The problem with Owen is, I've read Mortification of Sin, considered one of his easy books, yet I labored through it, so I don't think I'd have the language skills to fully enjoy his more dense works like the two mentioned above. Maybe the abridgments? Are they worth it? 
O and is Pleasures of God actually readable? Wayne Grudem says he uses it for advanced theology classes...that sounds kind of scary to me .

Comments? Suggestions?? Would all be very helpful.


----------



## Pergamum (Aug 10, 2010)

Paul Washer's One True God is good for beginnners.

Charnocks Attributes of God (I think the title is) is very good.


----------



## CharlieJ (Aug 10, 2010)

Given your requirements, I don't think you could do much better than _Knowing God_ by J. I. Packer.


----------



## Andres (Aug 10, 2010)

CharlieJ said:


> Given your requirements, I don't think you could do much better than _Knowing God_ by J. I. Packer.


 
After reading the OP, _Knowing God _was my first thought also.


----------



## ClayPot (Aug 10, 2010)

Andres said:


> CharlieJ said:
> 
> 
> > Given your requirements, I don't think you could do much better than _Knowing God_ by J. I. Packer.
> ...


 
I thought of Knowing God too. It's a fantastic book. Very readable and spiritually uplifting.


----------



## LeeD (Aug 10, 2010)

Pergamum said:


> Paul Washer's One True God is good for beginnners.

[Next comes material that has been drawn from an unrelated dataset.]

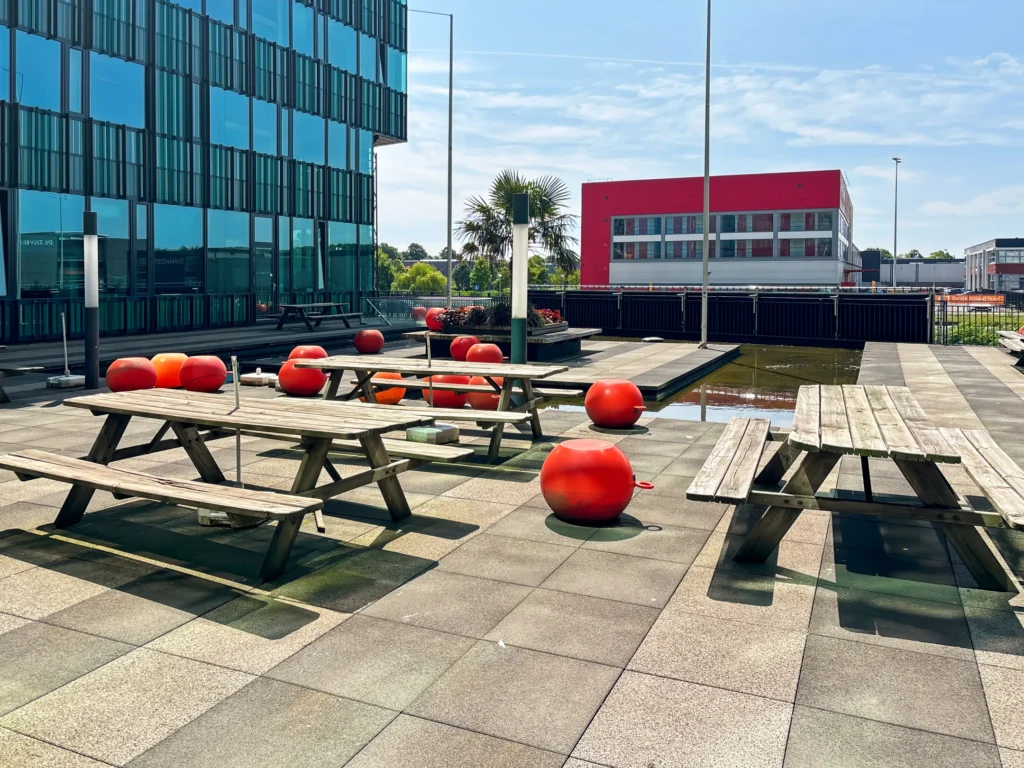 Zonovergoten dakterras met picknicktafels en rode ballen naast een modern gebouw.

Very good recommendation. We are working through this with the men at our church now and thoroughly enjoying it.



Pergamum said:


> Charnocks Attributes of God (I think the title is) is very good.


The Existence and Attributes of God is the full title.


----------



## Christopher88 (Aug 10, 2010)

Knowing God by J.I. Packer *I hear its good but have not read*
Doctrine by Mark Driscoll *Simple systematic theology and reformed, on most issues*


----------



## jwithnell (Aug 10, 2010)

A sermon entitled: "God Glorified in Man's Dependence" by Jonathan Edwards. It is likely available somewhere on the Web and is also in the book: _On Knowing Christ_ which is a compilation of Mr. Edwards' sermons. _Knowing God_ also came to my mind -- it was among the books first handed to me as a new believer but is great for anyone at any stage of maturity.


----------



## DTK (Aug 10, 2010)

MichaelGao said:


> So, what I'm really seeking is a READABLE NON-Technical book that talks to the heart more than the mind. I want a book that will elevate my understand of God, but more importantly to be stirred up in my love for the Lord. So nothing too dry please.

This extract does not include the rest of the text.